▶ _Exercise prompt_
A verbatim reproduction of all the entries is needed.

▶ _Supplied data_
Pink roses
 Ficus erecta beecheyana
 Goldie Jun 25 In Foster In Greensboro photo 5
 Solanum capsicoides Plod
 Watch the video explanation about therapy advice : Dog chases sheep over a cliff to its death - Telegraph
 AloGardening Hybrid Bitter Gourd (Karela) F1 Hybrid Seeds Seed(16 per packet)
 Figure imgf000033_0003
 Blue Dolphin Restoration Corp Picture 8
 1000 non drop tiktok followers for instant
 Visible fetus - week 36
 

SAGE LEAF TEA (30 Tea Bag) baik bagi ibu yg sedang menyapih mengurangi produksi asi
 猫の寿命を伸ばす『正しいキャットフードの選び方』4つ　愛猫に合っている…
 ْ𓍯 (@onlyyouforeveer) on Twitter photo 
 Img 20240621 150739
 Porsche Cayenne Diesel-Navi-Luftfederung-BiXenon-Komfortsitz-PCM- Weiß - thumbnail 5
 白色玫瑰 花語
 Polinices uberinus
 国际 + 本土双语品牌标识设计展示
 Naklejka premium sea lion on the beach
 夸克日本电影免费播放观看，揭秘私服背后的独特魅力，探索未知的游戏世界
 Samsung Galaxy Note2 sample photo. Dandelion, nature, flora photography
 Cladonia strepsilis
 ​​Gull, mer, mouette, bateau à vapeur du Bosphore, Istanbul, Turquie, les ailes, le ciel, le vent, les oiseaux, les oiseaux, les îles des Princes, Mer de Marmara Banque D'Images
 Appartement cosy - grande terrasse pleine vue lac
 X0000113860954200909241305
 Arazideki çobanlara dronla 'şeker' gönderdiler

▶ _Response to the task_
Pink roses
 Ficus erecta beecheyana
 Goldie Jun 25 In Foster In Greensboro photo 5
 Solanum capsicoides Plod
 Watch the video explanation about therapy advice : Dog chases sheep over a cliff to its death - Telegraph
 AloGardening Hybrid Bitter Gourd (Karela) F1 Hybrid Seeds Seed(16 per packet)
 Figure imgf000033_0003
 Blue Dolphin Restoration Corp Picture 8
 1000 non drop tiktok followers for instant
 Visible fetus - week 36
 

SAGE LEAF TEA (30 Tea Bag) baik bagi ibu yg sedang menyapih mengurangi produksi asi
 猫の寿命を伸ばす『正しいキャットフードの選び方』4つ　愛猫に合っている…
 ْ𓍯 (@onlyyouforeveer) on Twitter photo 
 Img 20240621 150739
 Porsche Cayenne Diesel-Navi-Luftfederung-BiXenon-Komfortsitz-PCM- Weiß - thumbnail 5
 白色玫瑰 花語
 Polinices uberinus
 国际 + 本土双语品牌标识设计展示
 Naklejka premium sea lion on the beach
 夸克日本电影免费播放观看，揭秘私服背后的独特魅力，探索未知的游戏世界
 Samsung Galaxy Note2 sample photo. Dandelion, nature, flora photography
 Cladonia strepsilis
 ​​Gull, mer, mouette, bateau à vapeur du Bosphore, Istanbul, Turquie, les ailes, le ciel, le vent, les oiseaux, les oiseaux, les îles des Princes, Mer de Marmara Banque D'Images
 Appartement cosy - grande terrasse pleine vue lac
 X0000113860954200909241305
 Arazideki çobanlara dronla 'şeker' gönderdiler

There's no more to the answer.